Ces paysans de Then sur le fil d’un archet
"Au
petit matin, le midi, le soir, même pendant les pauses que concèdent
parfois les durs travaux des champs, nous nous rassemblons, accroupis,
au pied d’un arbre, dans la cour de la maison commune ou sur les pentes
de la digue, pour jouer du violon ou nous enseigner mutuellement les
techniques ou de nouveaux airs", a fait savoir Nguyên Quang Khoa.
Le
village qui compte actuellement plus de 40 violons et une centaine de
violonistes, s’offre le luxe d’avoir son propre orchestre, composé de
ses meilleurs paysans violonistes.
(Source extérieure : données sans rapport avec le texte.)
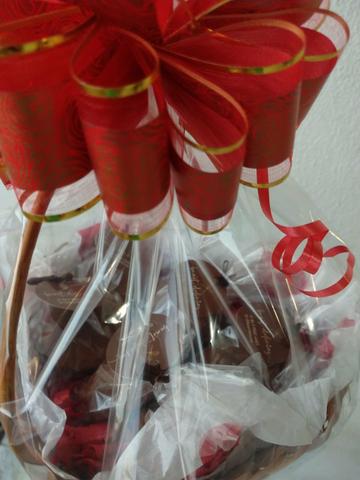 Cesta com chocolates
De ses toits résonnent des mélodies
savantes jouées par des paysans qui gagnent leur pain à la sueur de
leur front.
"Je me souviens qu’on a découvert le violon
en écoutant la radio "La Voix du Vietnam". Les mélodies nous avaient
beaucoup plu. On avait alors décidé de faire le voyage à Hanoi pour
acheter un violon. Puis on se mettait à tirer des mélodies. Vieux et
jeunes se prenaient de passion pour cet instrument qu’ils avaient
acquis l’un après l’autre. Dès 1956, Then était surnommé le "village de
violonistes", se souvient le septuagénaire Nguyên Huu Dua.
Pour
beaucoup, le violon évoque une musique sérieuse et réservée à une
élite, des mélodies savantes jouées devant des connaisseurs. Mais à
Then, depuis une bonne moitié du siècle, le violon se démocratise et
gagne du terrain avec les instrumentistes autodidactes.
"Mon
père m’a appris à jouer du violon depuis que j’avais sept ou huit ans.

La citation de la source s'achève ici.